セキュリティ担当者:…(それなら最初に「レベルは下げないこと」という基準を出してほしかったな)
このような、基準も何もないアバウトな改善依頼に対しては、「機能点」「価格点」を検討するアプローチがお勧めだ。このアプローチでは、それぞれの機能の必須度合いとそれを実現するためにかかるコストを比較していく。
基本機能と加点機能に切り分ける
まずは機能の切り分けを行おう。機能は必ず実現しなければならない「基本機能」と、あればなお可とする「加点機能」に切り分けるとよいだろう。
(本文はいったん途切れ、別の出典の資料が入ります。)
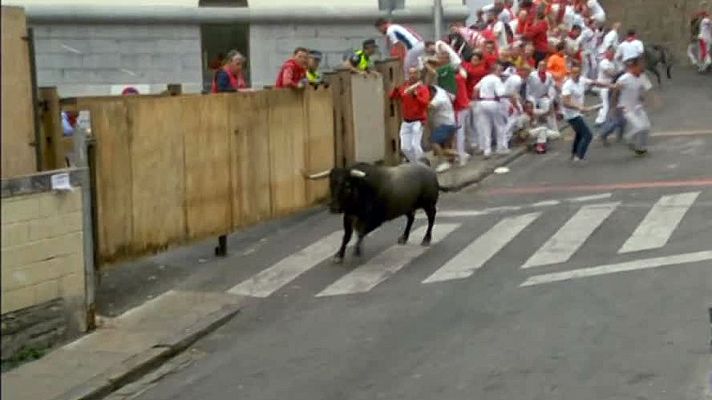 San Fermín - Un toro vuelve solo a los corrales de Santo Domingo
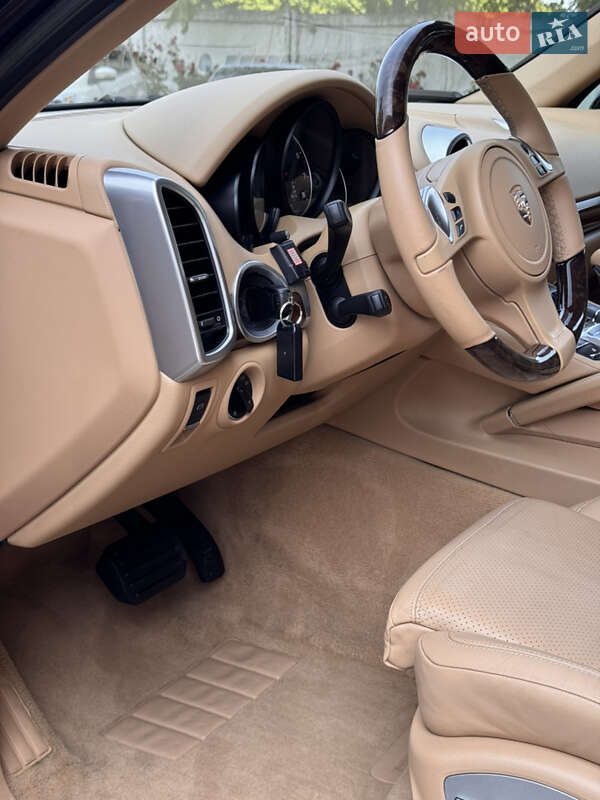 Внедорожник / Кроссовер Porsche Cayenne 2013 в Одессе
この際、できればセキュリティ専門家の協力を仰ぎたい。切り分けを行うには、「該当するセキュリティ対策機能が低減するリスクはどういったものか」「自社に影響があるのか」「リスク値がいかほどのものなのか」といったリスクのアセスメントを行う必要がある。このあたりはまさにセキュリティ専門家が得意とする領域だ(図1)。逆に専門家以外では適切な切り分けは難しく、不十分な強度の対策になりかねない。それでは単なる改悪となってしまう。
なお、切り分けの手法としては例えば▼FMEAを参考にしてほしい。同手法ではリスクを定量化できるため、経営層に対して「各機能要件がどれほどリスク低減に貢献するのか」を見える化できる。経営層に対して、切り分けた後の機能要件の妥当性をうまく見せるためには、リスクを定量化するというアプローチは有用である。ぜひ意識してほしいところだ。
Failure Mode and Effect Analysis。故障モードと影響解析。